All in all, what “looked” somewhat OK to us from the database, is going to cause a number of problems. Thankfully, PowerDNS has been tightening up on the somewhat lax rules it used to apply (or rather: not apply) to its back-end data. This is necessary in the transition to DNSSEC.

pdnssec’s check-zone doesn’t find all errors – it wasn’t designed to do that. For example, CNAME and other records weren’t caught if their owner names differed in case. That has meanwhile been fixed.

Be that as it may, is there a solution for this?

Is there a cure?

Warning (insert guy shoveling pic)

I strongly believe the only solution is to enforce rules for the data in the database tables used by PowerDNS to be correct the moment it enters said database. I posted an idea to the PowerDNS mailing-list and feedback has been “mixed”. I won’t say we’ve been having fist fights, but only because the good #powerdns people on IRC and I were geographically distant from one-another. ;-)

There are basically two schools of thought:

  • Those that say: “make sure your data is good before it enters the database”
  • Those that say: “make sure your data can be stored in the database only if it’s good”. That’s me. ;-)

To cut a very long story short, I’ve been prototyping a couple of MySQL User Defined Functions which, together with a few triggers, should ensure that illegal data cannot be inserted into the database tables.

It’s early days, but the prototype looks pretty good, if I may say so myself.

Broadly speaking, there are two UDFs: one is called checkname, and the other is called checkrr. The former applies regular expressions (and spare me please; I know most of the jokes) to owner names, and the latter applies similar rules to the rdata (i.e. the content column). These rules are taken from a very lightweight and fast TinyCDB database on the fly, which is compiled from input such as this:

NS:name         ^([a-z][a-z0-9\-]+(\.|\-*\.))+[a-z]{2,6}$
NS:content      ^([a-zA-Z][a-zA-Z0-9\-]+(\.|\-*\.))+[a-zA-Z]{2,6}$

AAAA:name       ^(\*\.)?([a-z][a-z0-9\-]+(\.|\-*\.))+[a-z]{2,6}$
AAAA:content    @IP

SOA:name        ^([a-zA-Z][a-zA-Z0-9\-]+(\.|\-*\.))+[a-zA-Z]{2,6}$
SOA:content     @SOA

SOA:mname       ^([a-zA-Z][a-zA-Z0-9\-]+(\.|\-*\.))+[a-zA-Z]{2,6}$
SOA:rname       ^([a-zA-Z][a-zA-Z0-9\-]+(\.|\-*\.))+[a-zA-Z]{2,6}$
SOA:serial      ^\d+$
SOA:refresh     ^\d+$
SOA:retry       ^\d+$
SOA:expiry      ^\d+$
SOA:minimum     ^\d+$

SOA:refresh:min         600
SOA:refresh:max         7201
...

Each record type (NS, AAAA, etc.) can have any number of regular expressions applied to its name or content; if none of the rules match, the check fails.

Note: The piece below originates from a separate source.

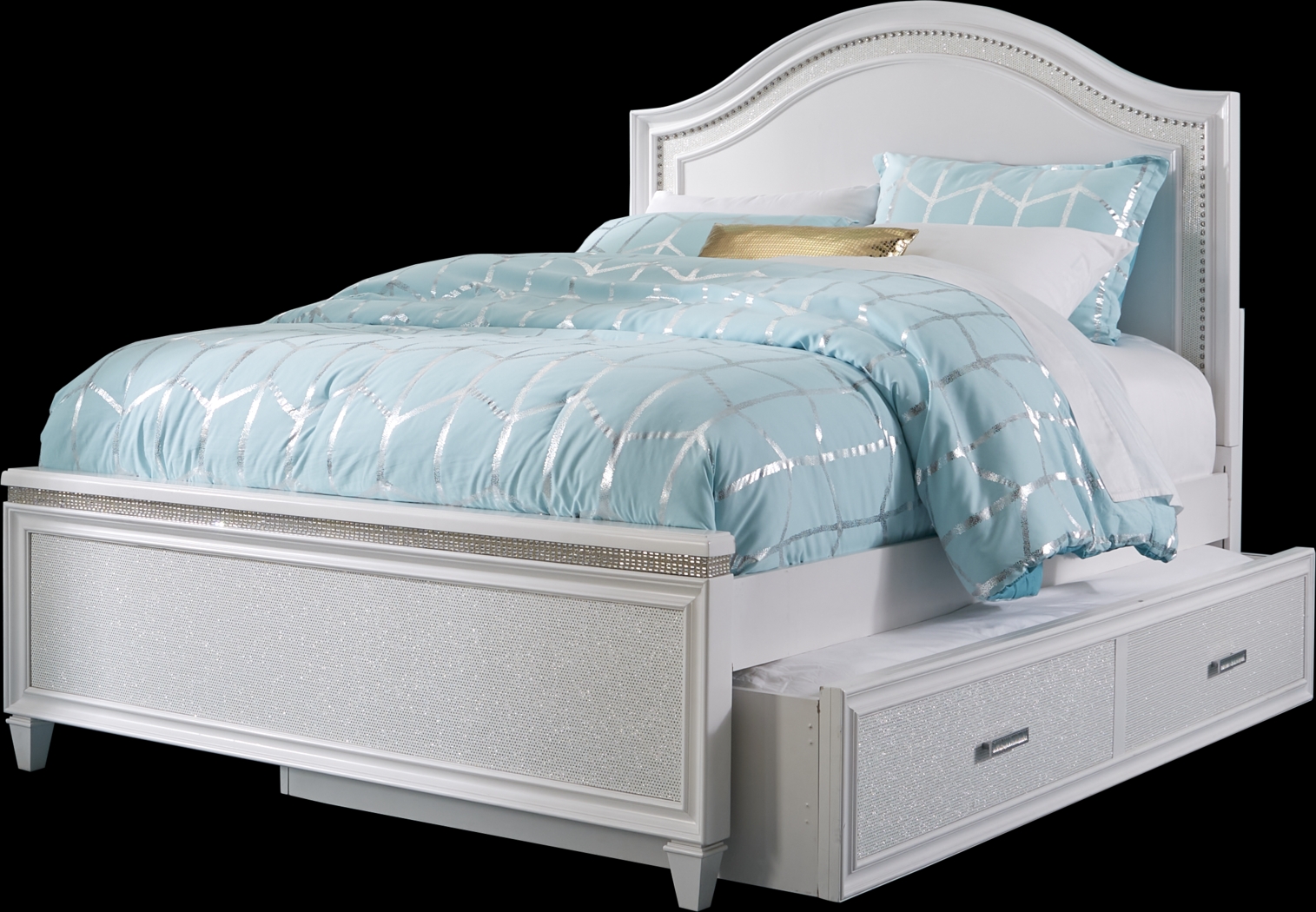 Kids Angelique White 3 Pc Twin Panel Bed with Trundle - Thumbnail - Image 1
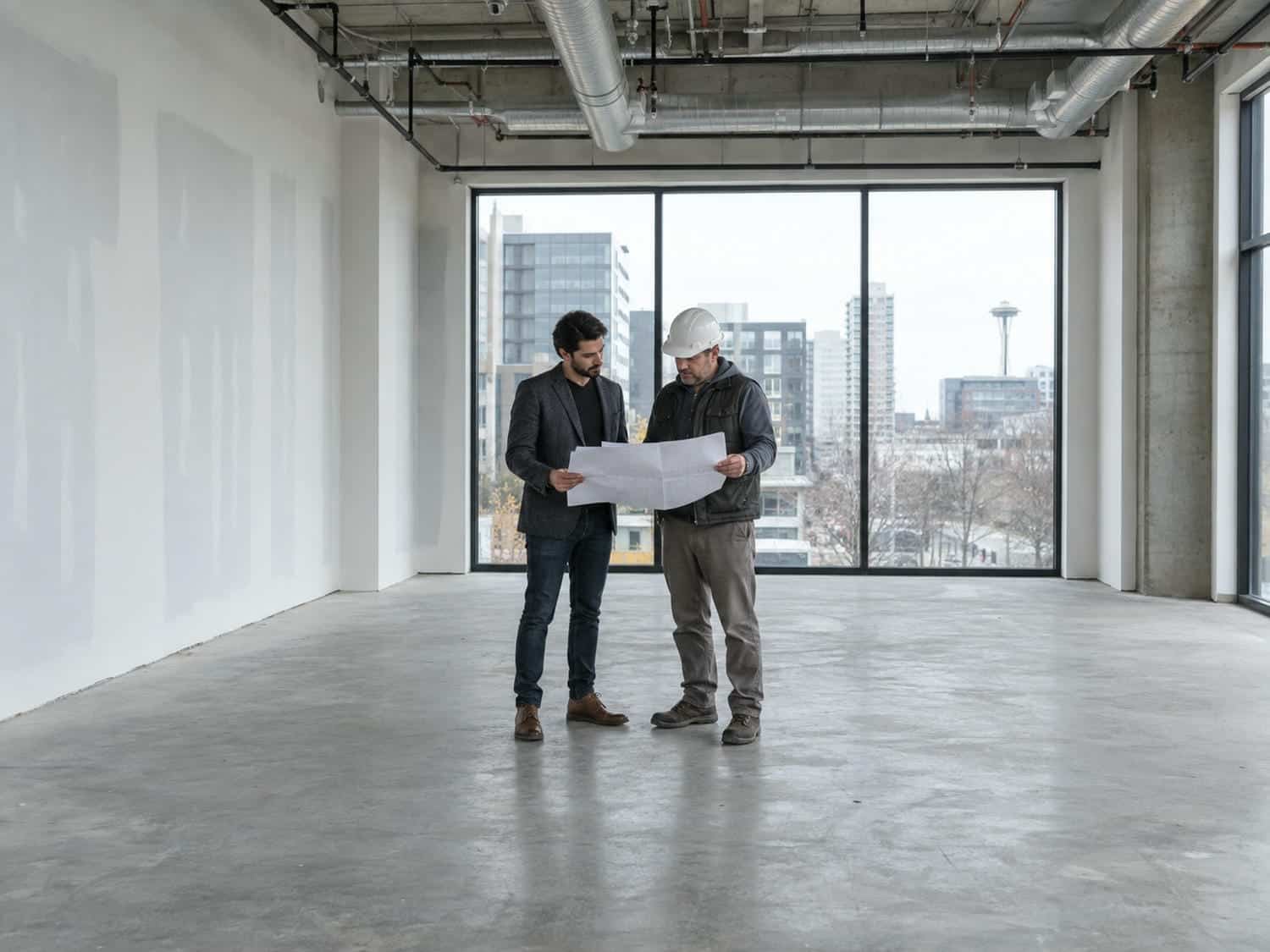 Business owner and contractor reviewing drawings inside an empty leased commercial unit before a Vancouver tenant improvement begins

For example, for the database record

+----+------------------+------+------------------------------------------+
| id | name             | type | content                                  |
+----+------------------+------+------------------------------------------+
| 37 | a1.aa            | NS   | 10.0.12.1                                |

the rulesets for NS:name are applied to the name column, and the rulesets NS:content are applied to the content column. You can easily tell from the NS:content regular expression, that the content check will fail for this value of content because it’s an IP address and not a domain name.

The special content rulesets @IP and @SOA perform inet_pton() and SOA checks respectively. The latter splits the SOA record into tokens and applies the SOA:mname, SOA:rname, … rules to the individual portions of the SOA record. As a special case, we can define, say, mininum and maxiumum values for the numeric portions of the SOA record. The example above specifies that the minimum for the refresh timer should be 600 seconds, and its maximum must be less than or equal to 7201 seconds. (Yes, I’ve also implemented an SOA:xxxx:equals rule.)

Let me show you what I have already. I’ll apply the UDFs to the records table from above.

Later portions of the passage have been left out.